Conforme jurisprudências, cada caso é um caso que deve ser analisado em

sua totalidade para que o magistrado tome sua decisão, baseando-se nos devidos

códigos, no intuito de responsabilizar corretamente a parte que agiu de forma

incorreta, de acordo com a legislação.

Tais danos podem ser graves, irreversíveis ou até mesmo levar o paciente a

óbito. Por esses motivos, o médico deve agir com toda cautela e perícia que o cargo

lhe estatui, fazendo tudo que estiver a seu alcance, para que o paciente esteja

ciente/informado dos possíveis danos.

Ainda que ocorram reações adversas, devido ao biótipo do paciente, como

por exemplos, as queloides, estando o paciente informado e ciente dos possíveis

riscos decorrentes da cirurgia plástica, tanto embelezadora ou reparadora, o

resultado alcançado seria de acordo com termo de consentimento livre e esclarecido

obtido ao paciente. E isto não implicaria na mudança do tipo de obrigação assumida

pelo médico, continuando a ser obrigação de resultado.

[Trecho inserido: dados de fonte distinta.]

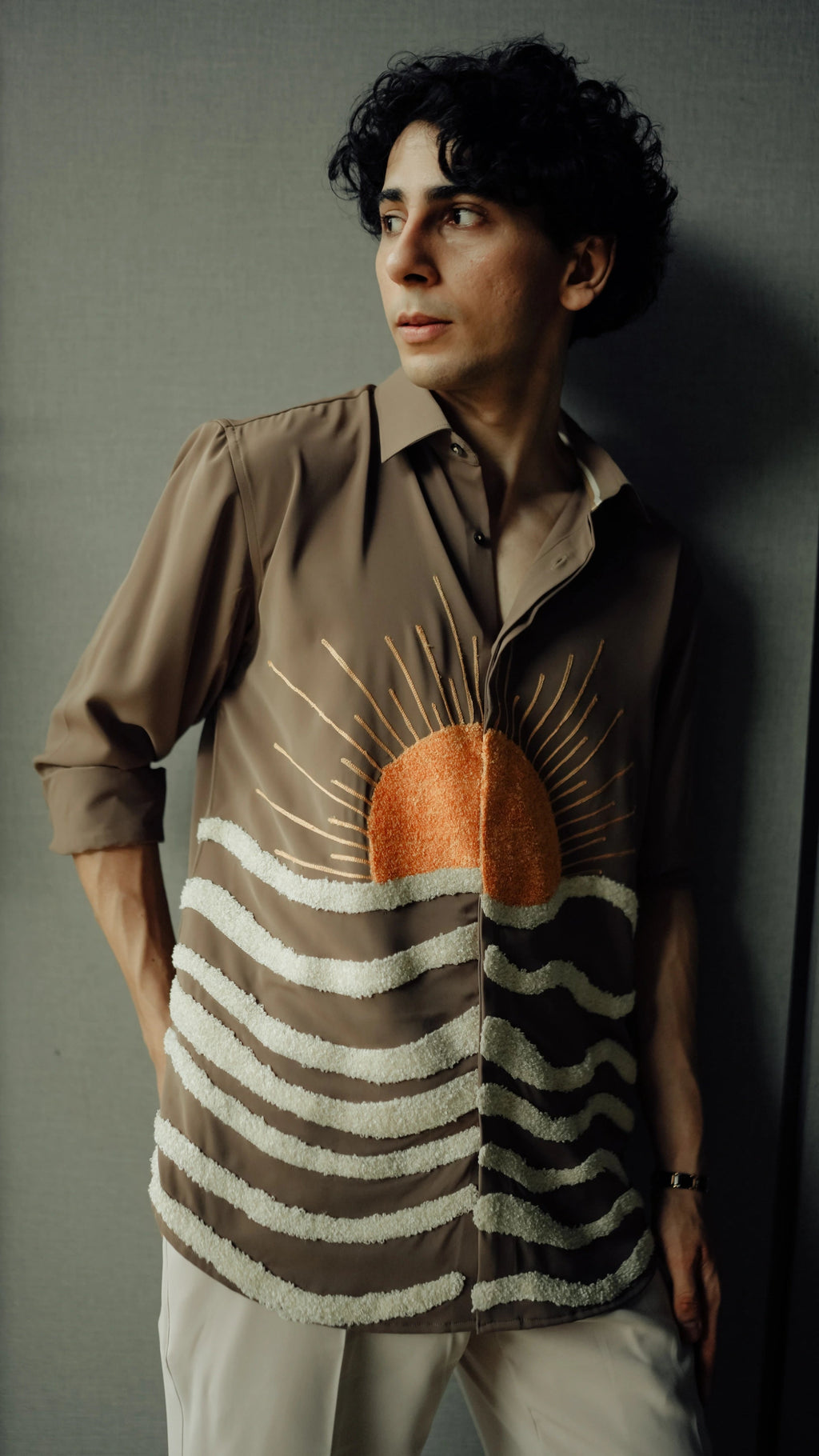The Horizon Embroidered Casual Shirt – Sunset Taupe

Ou seja, o simples fato do paciente ter assinado o termo de informação, não

instará do profissional de responder por possíveis danos, como omissão, imperícia,

negligencia ou imprudência. Com o propósito de que seja devidamente

caracterizado o erro médico, deverá considerar o dano, estabelecer o nexo causal e

analisar o motivo em que constatou o ato médico e a culpa.

Contudo, vale salientar que é importante o valor dessa pesquisa, em que

pese nos dias correntes os números de mortes terem crescido exorbitantemente,

tudo pela negligência, imprudência ou perícia do profissional.